# New coop one of Three end of day 3



## hollywoodlou (Mar 3, 2013)

This is one of 3 coops i am building it is 4 x 14 x 6 1/ 2 tall 18 inches off the ground i plan on keeping 6 to 8 pair in this one. It is narrow but i bought a wire cage that was 4 x 4 x 8 and wanted to use it for the flight cage. I am using it but i am going to take it apart and use the wire so it would be 6 1/2 tall and apox 8 feet long i will post more photos later in the week


----------



## Greek Boy (Apr 12, 2010)

Excellent start- yours in sport-Nick


----------



## hollywoodlou (Mar 3, 2013)

*Pigeon coop*

Thanks Nick


----------



## Skyeking (Jan 17, 2003)

*Looks solid.
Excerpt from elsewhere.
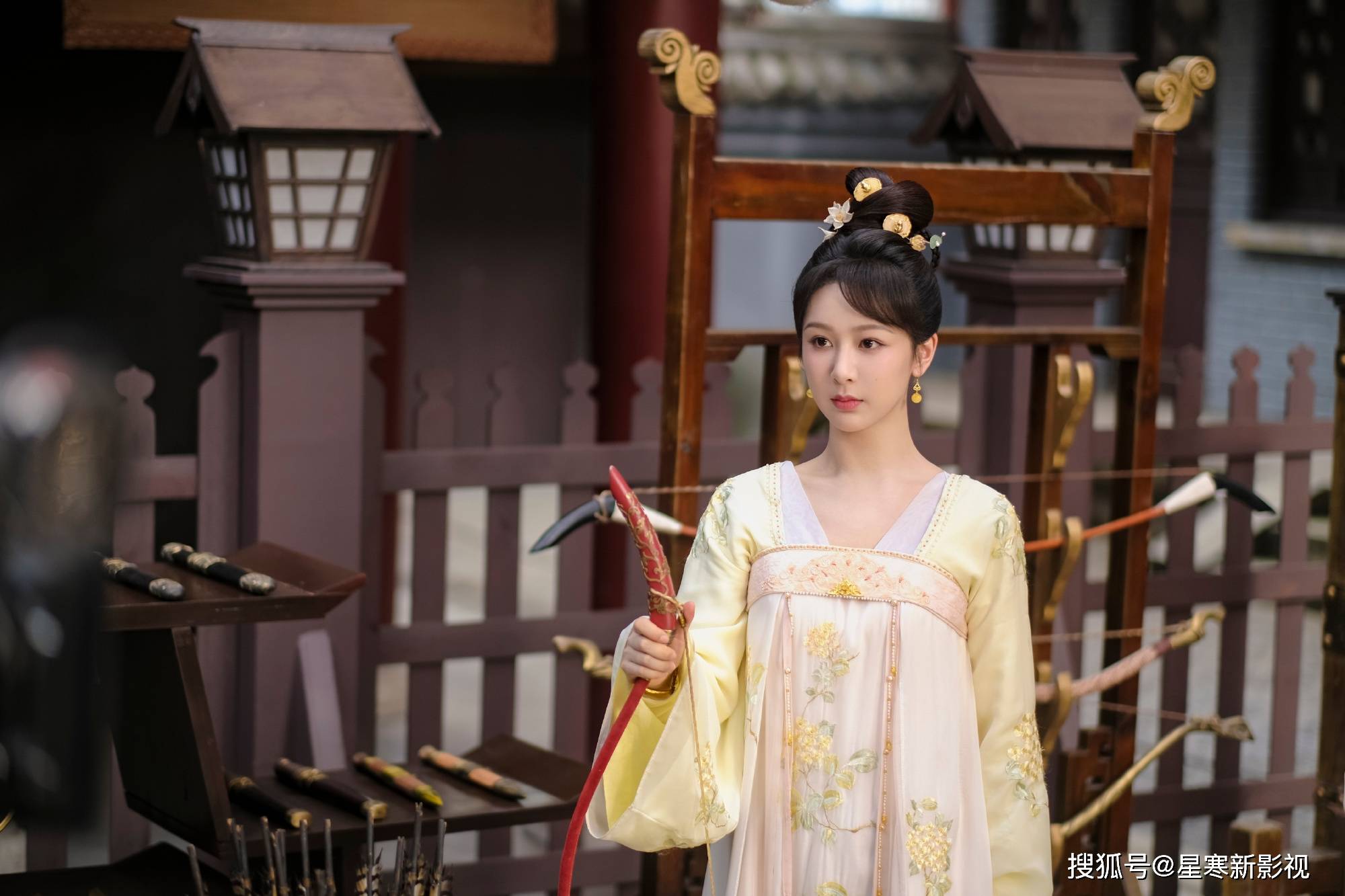 《长相思2》首播大热，全员表现超预期，古装王炸实至名归！-长相思合集歌曲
Be sure to update as you continue the progress.*


----------



## spice704 (Mar 6, 2011)

nice coop your in fl right


----------



## hollywoodlou (Mar 3, 2013)

*coop*

Yes in Central FL near Ocala


----------



## hollywoodlou (Mar 3, 2013)

*day 4 of New coop*

day 4 not sure how to post to my other posting


----------



## hollywoodlou (Mar 3, 2013)

*New pics day 4 of new coop*

New pics day 4 of new coop


----------



## Zippy (Nov 20, 2011)

I can't see the pictures after the first post and I really want to. The first pictures of the loft look beautiful.


----------



## hollywoodlou (Mar 3, 2013)

*coop*

Thank you zippy i was having a hard time uploading pics had to earse ealier pictures to get the ones on here. I even tried to start a new thread but it would not let me ad pics. I will work on it some more


----------



## spirit wings (Mar 29, 2008)

I love that, they even have a big southern coverd "porch". nice loft.


----------



## hollywoodlou (Mar 3, 2013)

*coop*

i am a little further with the coop but having a hard time getting the pictures on my PC


----------



## Zippy (Nov 20, 2011)

I really like this design. It's really attractive and would look great in any yard, can't wait to see it finished with birds.


----------



## Shadybug Lofts (Mar 13, 2010)

Looks nice. Thats kinda what I was going to do, but I was going to have a closed in loft like that on both ends and the aviary in the middle with a removable divider to split the aviary. Nest boxes in one side and perches in the other.


----------



## hollywoodlou (Mar 3, 2013)

*coop*

Hi shadybug that sounds like a good idea


----------



## hollywoodlou (Mar 3, 2013)

*Help Needed to add or deleting Photos to my Post*

I would like to add more pictures of my new coop but can seem to figure it out Help


----------



## Shadybug Lofts (Mar 13, 2010)

Upload them to photo bucket, then right click on the img code it will say copied then just click on your post and paste it there.


----------



## hollywoodlou (Mar 3, 2013)

*coop*

One pic worked


----------



## Zippy (Nov 20, 2011)

That looks really nice.


----------